Collected data:
· · · ·

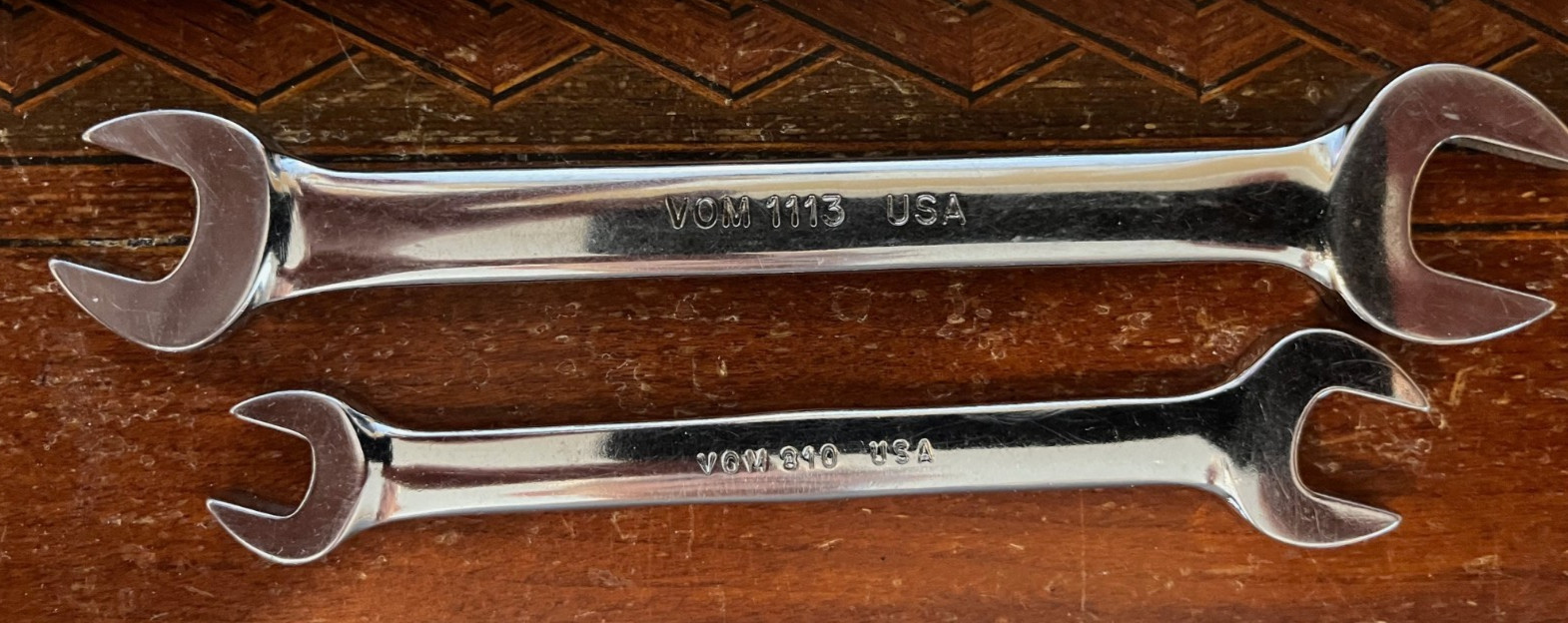 Vintage Snap-on Underline Metric Open End Wrench Set VOM 806 8mm-19mm 6 Pieces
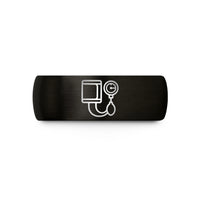 unique anniversary present ideas – black tungsten blood pressure cuff wedding band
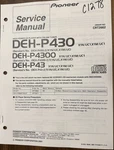 Pioneer DEH-P430 P4300 Cd Player Tuner Original Service Repair Manual. Fixed Price $19.94.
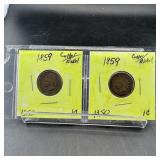 Two Indian Head Cents (1859, First Year)
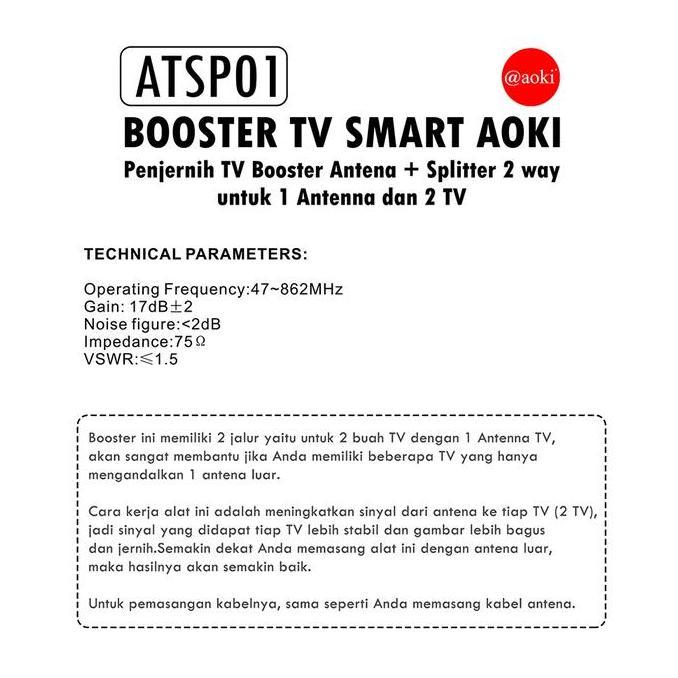 Aoki Booster Antena Penjernih Tv Splitter Untuk 2 Tv Power Supply Kabel Kualitas Terbaik Harga Termu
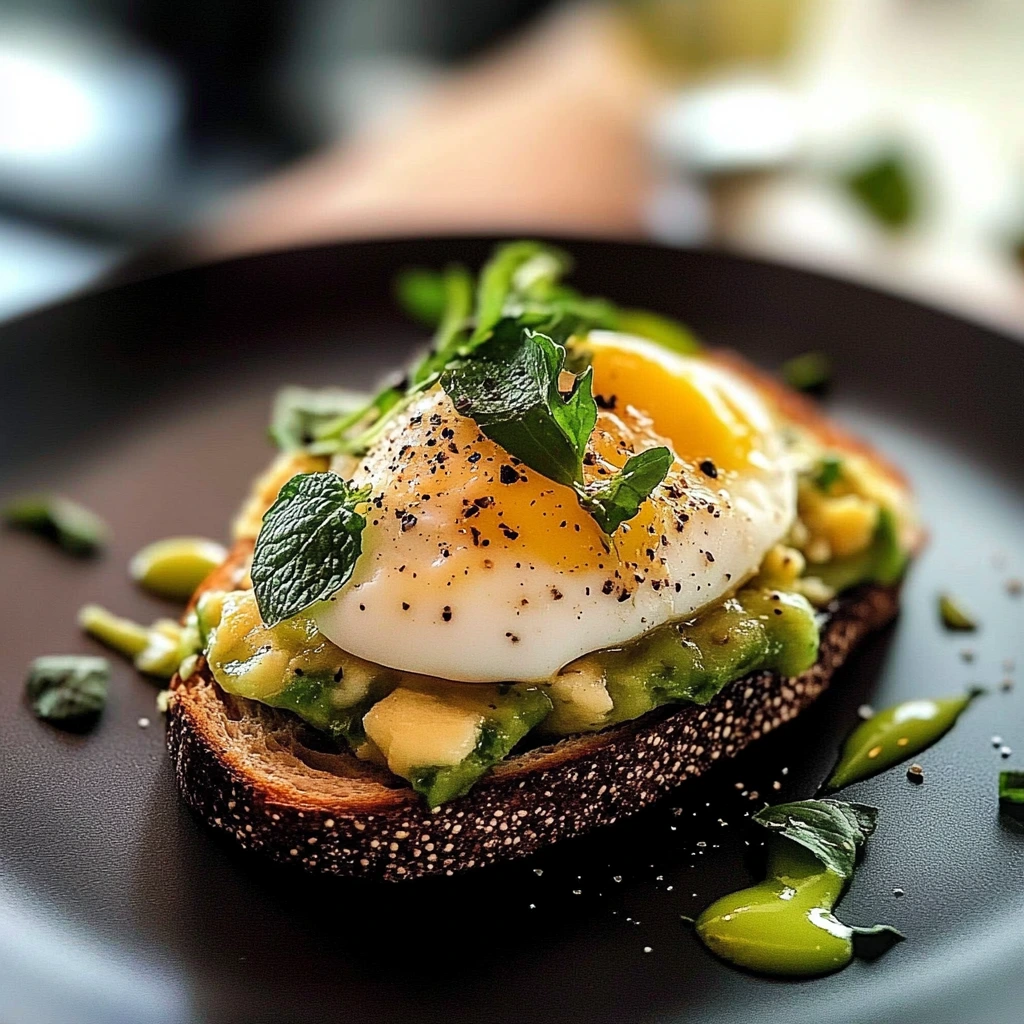 Creamy avocado toast with poached egg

· · · ·

__What this task involves__.
The records above are to be repeated exactly, apart from their pictures.

__Exercise answer__.
 Vintage Snap-on Underline Metric Open End Wrench Set VOM 806 8mm-19mm 6 Pieces
 unique anniversary present ideas – black tungsten blood pressure cuff wedding band
 Pioneer DEH-P430 P4300 Cd Player Tuner Original Service Repair Manual. Fixed Price $19.94.
 Two Indian Head Cents (1859, First Year)
 Aoki Booster Antena Penjernih Tv Splitter Untuk 2 Tv Power Supply Kabel Kualitas Terbaik Harga Termu
 Creamy avocado toast with poached egg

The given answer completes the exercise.